L'opéra n'est pas connu pour ménager ses personnages féminins. Qu'elles soient mariées contre leur gré, violées, assassinées ou rendues folles, les femmes sont souvent représentées comme des victimes de leur condition, malmenées par les vents du destin. À cet égard, bien sûr, l'opéra est aussi un miroir de son temps. Les femmes rebelles reçoivent généralement leur châtiment au moment de l'acte final. Prenez Carmen, ou Violetta de La traviata, par exemple.

Dans cette série, nous rendons hommage aux femmes fortes de l'opéra. Après Mařenka dans La Fiancée vendue de Smetana et la princesse dans Turandot de Puccini, nous nous consacrons cette fois-ci à Manon de l'opéra éponyme de Massenet.

 

3. Le rôle-titre dans Manon de Massenet

 

Difficile d’aller plus à l’encontre des attentes de la société et des règles strictes imposées aux femmes de l’époque que le parcours de vie de Manon. Dès l'âge de seize ans, elle s'affranchit de la vie toute tracée qu’on lui avait préparée et, alors même qu’elle était en route pour le couvent, s'enfuit avec le beau chevalier Des Grieux. Malgré l’amour sincère qu’elle lui porte, elle finit par le quitter en échange d’une vie de richesse et de luxe, pour finalement renouer plus tard avec lui.

Tout au long de l'opéra, Manon a de nombreux visages : certains sont réels, d'autres sont masqués. Être mystérieux, « sphinx » et « sirène », elle est dépeinte tantôt volatile et naïve, tantôt manipulatrice et immorale. Vous seriez pardonnés si vous la confondiez avec un simple réceptacle, sur lequel les hommes qui l’entourent projettent leurs propres peurs et leurs propres désirs.

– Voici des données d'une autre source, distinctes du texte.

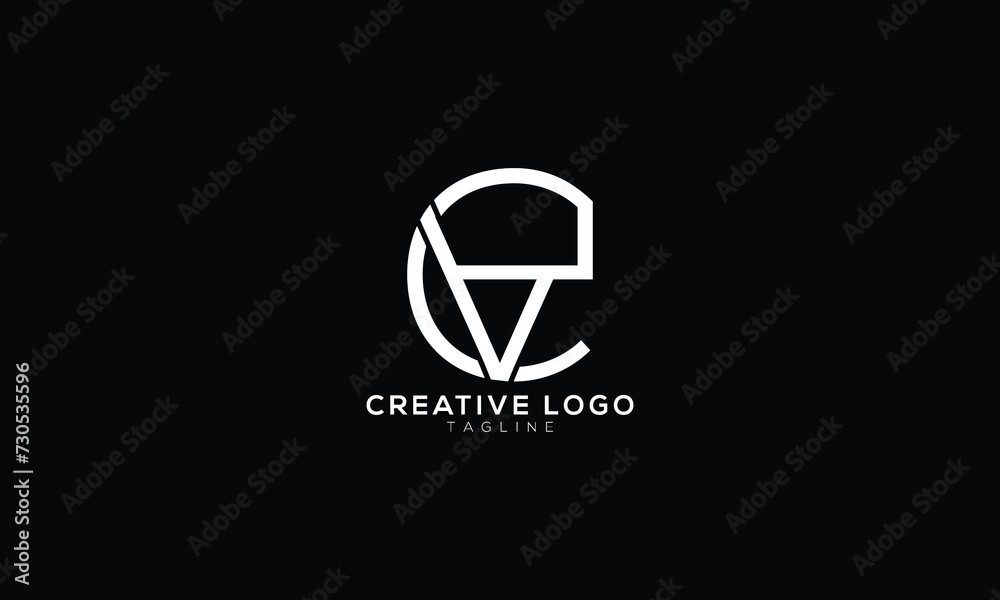 EB BE Abstract initial monogram letter alphabet logo design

Rien n’est pourtant plus éloigné de la vérité. Manon est simplement une femme qui essaie de se frayer un chemin dans un monde d'hommes. Son histoire est inévitablement une affaire de compromis. Vu sous cet angle, le choix entre l'amour et la richesse n'est plus l’expression de sa nature inconstante, mais une question qui est encore d’actualité : à quoi voulons-nous donner la priorité dans la vie ? À l'amour ? Au succès ? À la richesse ?

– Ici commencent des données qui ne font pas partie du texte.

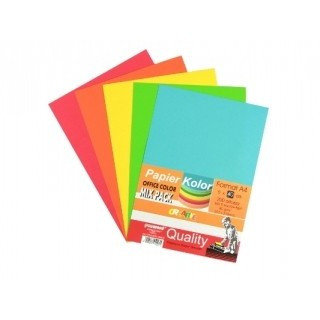 Papier Ksero Kolorowy A4 100Ark 5Kol Mix Penword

Pour la soprano française Elsa Dreisig, qui incarne Manon comme personne d'autre dans la mise en scène de David Bösch au Staatsoper Hamburg, la réponse est claire : la seule chose que Manon ne sacrifiera jamais, c'est sa liberté. Sa mort précoce n'est plus considérée comme une juste punition pour sa transgression, mais comme un acte qu’elle commet de son plein gré, dans la vie qu’elle a choisie pour elle-même. Son parcours, si différent de celui de ceux de ses contemporains, commence à ressembler à ceux de notre temps.